POM. Even if all of them were represented in the interim, even if provision was made for representatives from KwaZulu and Ciskei?
AT. That's an if. I would say that's open for discussion. I'm not convinced that they would necessarily be in favour of such a thing. In the meantime, in the next month or two, that's precisely what we are trying to do and that is to persuade them from accepting a unitary system and go for a federation if you don't have something better because a federation excludes a one man one vote system for the whole country. Because in a federation you've got definite states with their own political structures, elections, etc.
POM. And then the national structure? Would it be just a federation of states something like the European community?
AT. We say something like the European community or the commonwealth. Separate states, autonomous states which from the ground upwards, from the roots upwards, the power is delegated upwards up to the highest form of authority inside that state. In other words it's an autonomous state and on the basis of its own autonomy, together with other autonomous states, decide now what are we going to do in connection with defence, or water resources, or foreign affairs? Can we have some agreement on that without denying your own autonomy? Instead of starting with an interim government with control over the defence force and the police and Mr Mandela still having in reserve his uMkhonto and the Azanian People's Liberation Army. Instead of that, start from the ground and create your states with their own structures and autonomy and they then deciding upon a sort of a superstructure.

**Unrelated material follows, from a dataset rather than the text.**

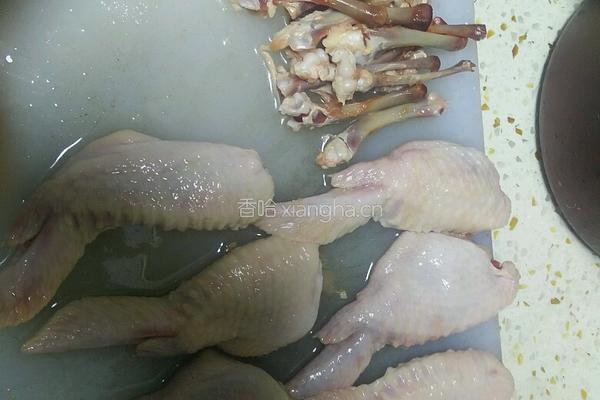 脱骨鸡翅包饭的做法图解1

POM. Relative to that, when whites voted yes in the referendum, what were they voting for and what were they not voting for?
AT. I won't deny that many people who voted yes voted for the government's political proposals, they were voting for power sharing, etc., but I think many people voted for the opportunity to vote again. Many people voted on issues such as the cricket tour and the possibility of the All Blacks and the Australians coming to South Africa. You know we are sport mad and farmers, your fruit farmers in the Western Cape and others who were so scared of boycotts etc. They want their fruit exported, etc., and they thought the only way to ensure that is to vote yes. And of course the propaganda made by Saatchi and Saatchi was just overwhelming against us. But we also had many, many people afterwards saying, well we voted yes but we don't know what we voted for. How many people? I don't know. But there are quite a large number of people who have second thoughts about that.
POM. If that referendum were held today might it have a very different result?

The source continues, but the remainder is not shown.